[What the exercise asks]:
Show all lines containing "porch" from the data below.

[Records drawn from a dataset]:
· · ·

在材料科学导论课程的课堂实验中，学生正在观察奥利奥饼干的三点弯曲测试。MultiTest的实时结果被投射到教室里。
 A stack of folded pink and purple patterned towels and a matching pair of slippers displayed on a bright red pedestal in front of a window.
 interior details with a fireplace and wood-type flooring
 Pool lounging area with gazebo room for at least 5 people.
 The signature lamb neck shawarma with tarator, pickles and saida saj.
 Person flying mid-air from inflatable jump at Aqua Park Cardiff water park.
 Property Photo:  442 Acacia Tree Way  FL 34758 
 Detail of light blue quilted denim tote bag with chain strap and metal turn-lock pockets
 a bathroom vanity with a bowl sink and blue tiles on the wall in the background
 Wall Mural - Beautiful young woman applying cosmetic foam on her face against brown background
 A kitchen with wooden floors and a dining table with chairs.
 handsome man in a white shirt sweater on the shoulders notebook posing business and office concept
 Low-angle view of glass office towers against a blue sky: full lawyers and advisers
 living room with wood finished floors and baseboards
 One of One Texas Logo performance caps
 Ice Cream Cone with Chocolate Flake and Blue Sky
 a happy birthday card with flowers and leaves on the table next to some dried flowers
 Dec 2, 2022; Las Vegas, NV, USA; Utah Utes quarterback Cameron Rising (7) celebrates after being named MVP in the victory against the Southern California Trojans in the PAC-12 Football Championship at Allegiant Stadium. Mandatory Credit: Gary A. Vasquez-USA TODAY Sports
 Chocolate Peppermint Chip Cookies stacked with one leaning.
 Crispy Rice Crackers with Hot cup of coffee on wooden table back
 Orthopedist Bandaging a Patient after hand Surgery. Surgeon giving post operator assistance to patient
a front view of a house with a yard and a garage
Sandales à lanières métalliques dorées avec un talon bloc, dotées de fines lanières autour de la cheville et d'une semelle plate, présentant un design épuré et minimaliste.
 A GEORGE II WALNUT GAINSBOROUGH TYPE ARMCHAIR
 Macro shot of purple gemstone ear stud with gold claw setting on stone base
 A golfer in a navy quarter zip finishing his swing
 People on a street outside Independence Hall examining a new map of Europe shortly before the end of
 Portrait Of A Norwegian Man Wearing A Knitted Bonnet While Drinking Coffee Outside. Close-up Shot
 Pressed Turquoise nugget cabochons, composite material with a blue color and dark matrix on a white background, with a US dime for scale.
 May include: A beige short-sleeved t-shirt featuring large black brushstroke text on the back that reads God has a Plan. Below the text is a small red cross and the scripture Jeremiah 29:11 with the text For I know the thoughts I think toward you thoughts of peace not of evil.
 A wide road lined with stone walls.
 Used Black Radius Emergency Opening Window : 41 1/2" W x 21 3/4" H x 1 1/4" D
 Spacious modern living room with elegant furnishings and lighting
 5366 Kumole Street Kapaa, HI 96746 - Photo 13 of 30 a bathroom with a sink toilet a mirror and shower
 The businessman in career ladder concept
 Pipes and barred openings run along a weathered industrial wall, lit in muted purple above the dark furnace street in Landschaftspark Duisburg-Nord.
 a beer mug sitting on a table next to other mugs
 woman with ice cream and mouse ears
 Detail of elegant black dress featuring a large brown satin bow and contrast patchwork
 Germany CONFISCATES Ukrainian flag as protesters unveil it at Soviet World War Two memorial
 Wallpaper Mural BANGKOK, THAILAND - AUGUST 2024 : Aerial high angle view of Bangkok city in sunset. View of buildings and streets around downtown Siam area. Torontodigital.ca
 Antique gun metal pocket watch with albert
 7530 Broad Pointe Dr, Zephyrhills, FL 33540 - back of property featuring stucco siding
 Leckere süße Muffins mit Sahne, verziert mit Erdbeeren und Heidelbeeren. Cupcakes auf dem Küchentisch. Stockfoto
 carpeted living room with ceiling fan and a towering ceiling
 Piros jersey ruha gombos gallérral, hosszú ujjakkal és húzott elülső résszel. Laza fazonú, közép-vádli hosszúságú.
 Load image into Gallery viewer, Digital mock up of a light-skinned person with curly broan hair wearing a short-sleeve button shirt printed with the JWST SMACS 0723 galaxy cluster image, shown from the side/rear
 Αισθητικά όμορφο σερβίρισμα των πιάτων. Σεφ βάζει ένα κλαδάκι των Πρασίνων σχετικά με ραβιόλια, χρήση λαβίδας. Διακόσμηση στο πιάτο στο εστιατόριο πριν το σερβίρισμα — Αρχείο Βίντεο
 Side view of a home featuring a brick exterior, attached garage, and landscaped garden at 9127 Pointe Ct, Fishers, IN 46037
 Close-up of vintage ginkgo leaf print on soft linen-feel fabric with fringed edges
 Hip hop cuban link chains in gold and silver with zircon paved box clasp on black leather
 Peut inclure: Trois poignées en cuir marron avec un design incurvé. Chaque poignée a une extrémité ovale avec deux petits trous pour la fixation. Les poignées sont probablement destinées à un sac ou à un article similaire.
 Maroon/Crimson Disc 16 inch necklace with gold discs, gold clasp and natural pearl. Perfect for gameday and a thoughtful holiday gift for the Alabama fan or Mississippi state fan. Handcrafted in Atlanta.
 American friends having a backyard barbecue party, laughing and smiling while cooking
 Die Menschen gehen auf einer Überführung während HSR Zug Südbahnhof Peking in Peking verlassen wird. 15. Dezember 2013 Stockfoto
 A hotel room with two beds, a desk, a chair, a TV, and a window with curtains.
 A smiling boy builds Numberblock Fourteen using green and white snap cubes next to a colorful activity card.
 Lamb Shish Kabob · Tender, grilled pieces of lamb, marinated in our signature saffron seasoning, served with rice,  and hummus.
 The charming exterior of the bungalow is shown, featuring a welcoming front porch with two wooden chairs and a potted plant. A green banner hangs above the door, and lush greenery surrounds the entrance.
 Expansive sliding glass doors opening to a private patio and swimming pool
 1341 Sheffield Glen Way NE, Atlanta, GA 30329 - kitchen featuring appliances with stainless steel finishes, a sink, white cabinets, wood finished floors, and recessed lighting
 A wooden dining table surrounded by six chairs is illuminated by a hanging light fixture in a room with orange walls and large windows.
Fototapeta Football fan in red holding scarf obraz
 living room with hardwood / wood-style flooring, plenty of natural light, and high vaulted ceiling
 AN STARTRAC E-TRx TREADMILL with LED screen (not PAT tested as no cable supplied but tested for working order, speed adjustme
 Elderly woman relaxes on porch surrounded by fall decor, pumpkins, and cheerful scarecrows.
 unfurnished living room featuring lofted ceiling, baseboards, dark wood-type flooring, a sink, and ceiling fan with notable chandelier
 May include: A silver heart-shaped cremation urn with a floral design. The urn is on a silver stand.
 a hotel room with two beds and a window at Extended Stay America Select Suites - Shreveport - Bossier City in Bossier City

· · ·

[Reply]:
 The charming exterior of the bungalow is shown, featuring a welcoming front porch with two wooden chairs and a potted plant. A green banner hangs above the door, and lush greenery surrounds the entrance.
 Elderly woman relaxes on porch surrounded by fall decor, pumpkins, and cheerful scarecrows.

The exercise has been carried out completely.